A nossa identidade é, toda ela, traçada com o passado. Seria então muito imprudente retirar ou apagar um momento histórico dessa mesma matriz genética, como as nossas fomes cíclicas e as murmuradas histórias de canibalismo, as ideologias e divisões feudais ainda muito presentes em Cabo Verde, Amílcar Cabral e toda a história da luta pela independência, a nossa condição africana, as atrocidades feitas a nós próprios, ou aos nossos irmãos africanos, ou qualquer outro elemento que possa ter contribuído de alguma forma para aquilo que somos hoje.

É muito fácil e preguiçoso olhar para trás e desconstruir o que deveria na verdade ter sido a conduta dos nossos antepassados, como deveria ser o pós-Independência, ou se certas figuras da nossa história são ou não merecedoras do reconhecimento enquanto peças importantes no desenvolvimento da nossa sociedade moderna. 

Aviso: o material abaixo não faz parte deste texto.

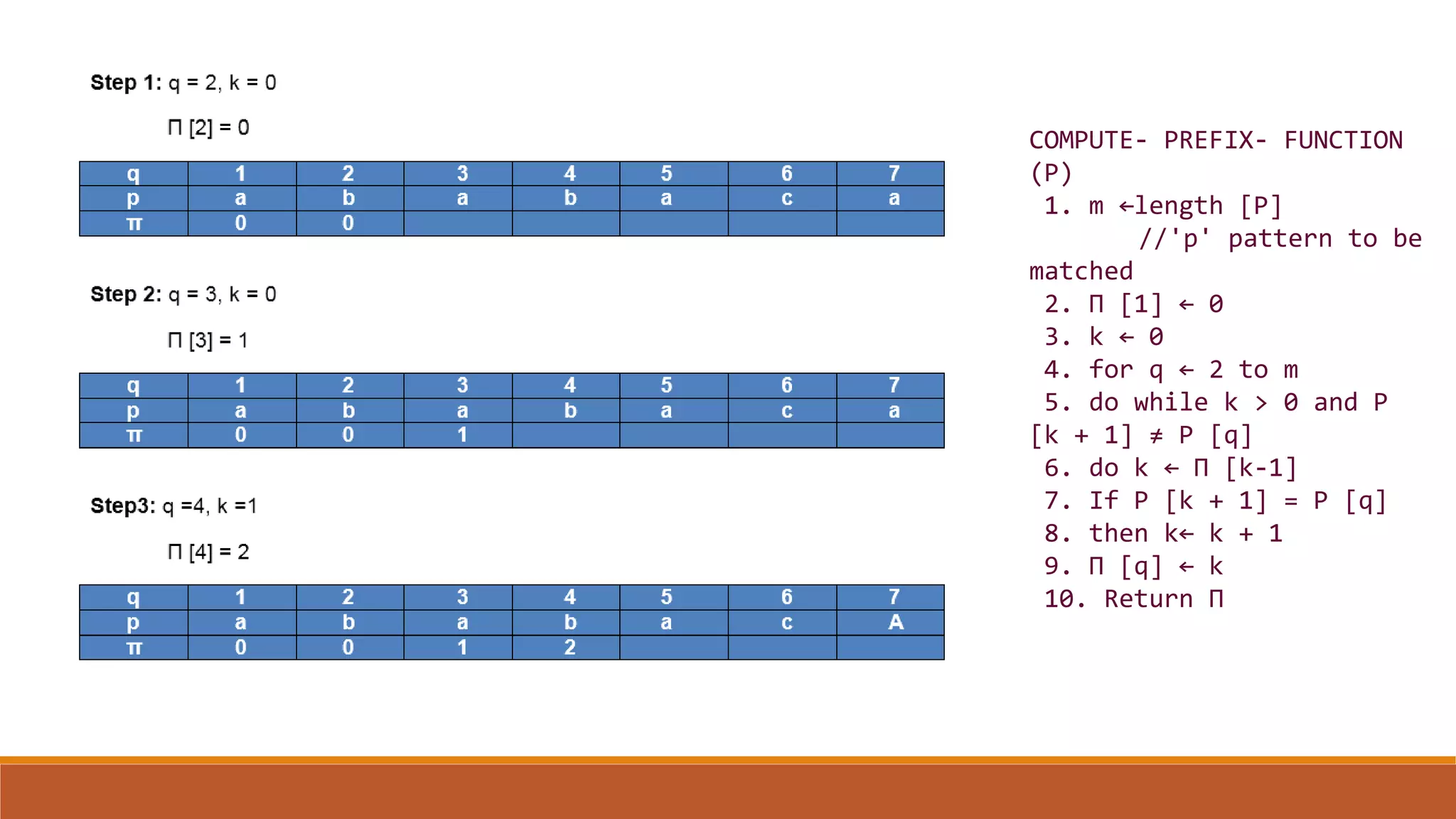 KMP String Matching Algorithm | PPT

O processo de resolução de um trauma passa, normalmente, por duas etapas. A primeira é o perdão, um auto-reconhecimento de cada canto da casa e também pelo ato de perdoar o passado, seja ele nossa responsabilidade ou não. A segunda fase, no entanto, passa pelo reconhecimento e responsabilização pelas nossas ações no presente. O que somos hoje vive e acontece independentemente do nosso passado e é todo ele culpa nossa.

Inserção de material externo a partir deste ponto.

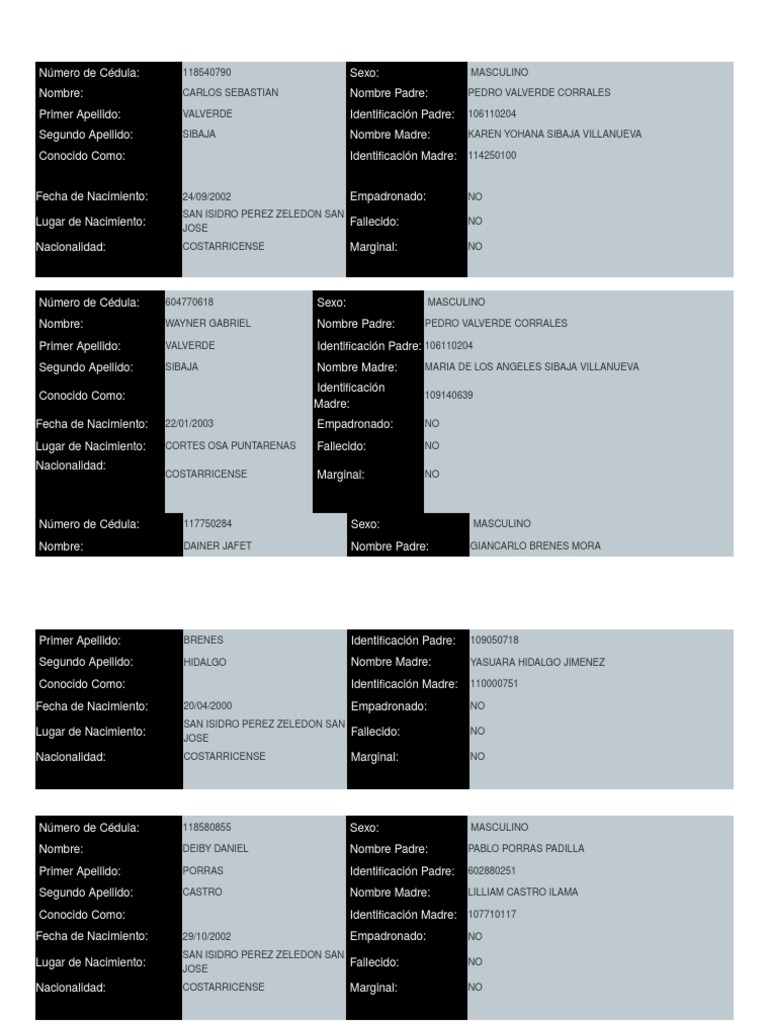 Número de Cédula PDF Costa Rica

A meu ver, essa mesma incapacidade de sermos nós por nós próprios está diretamente relacionada à incapacidade de reconhecermos Cabo Verde como algo que existe, persiste, vence e erra por si só, sem a necessidade de se explicar ou de se afirmar como sendo uma coisa, outra coisa ou toda a coisa. 

E agora pergunto, se Cabo Verde é hoje um conjunto de contradições em relação ao que somos, como somos e como fomos, qual será a verdade que melhor servirá o nosso futuro, os futuros jovens e crianças, que não terão discernimento de entender que eles são um conjunto de peças soltas e cinzas de verdades apagadas por nós mesmos?

Lendo “Famintos” podemos observar com clareza que, depois de tanta fome, as incertezas e o pavor de ser ilha sozinha apavorava a mente de muitos.

— O que farei quando tiver fome?

A escolha seria SER na sua plenitude e sofrer, ou fingir ser e sofrer as consequências de uma mentira contada por nós próprios. 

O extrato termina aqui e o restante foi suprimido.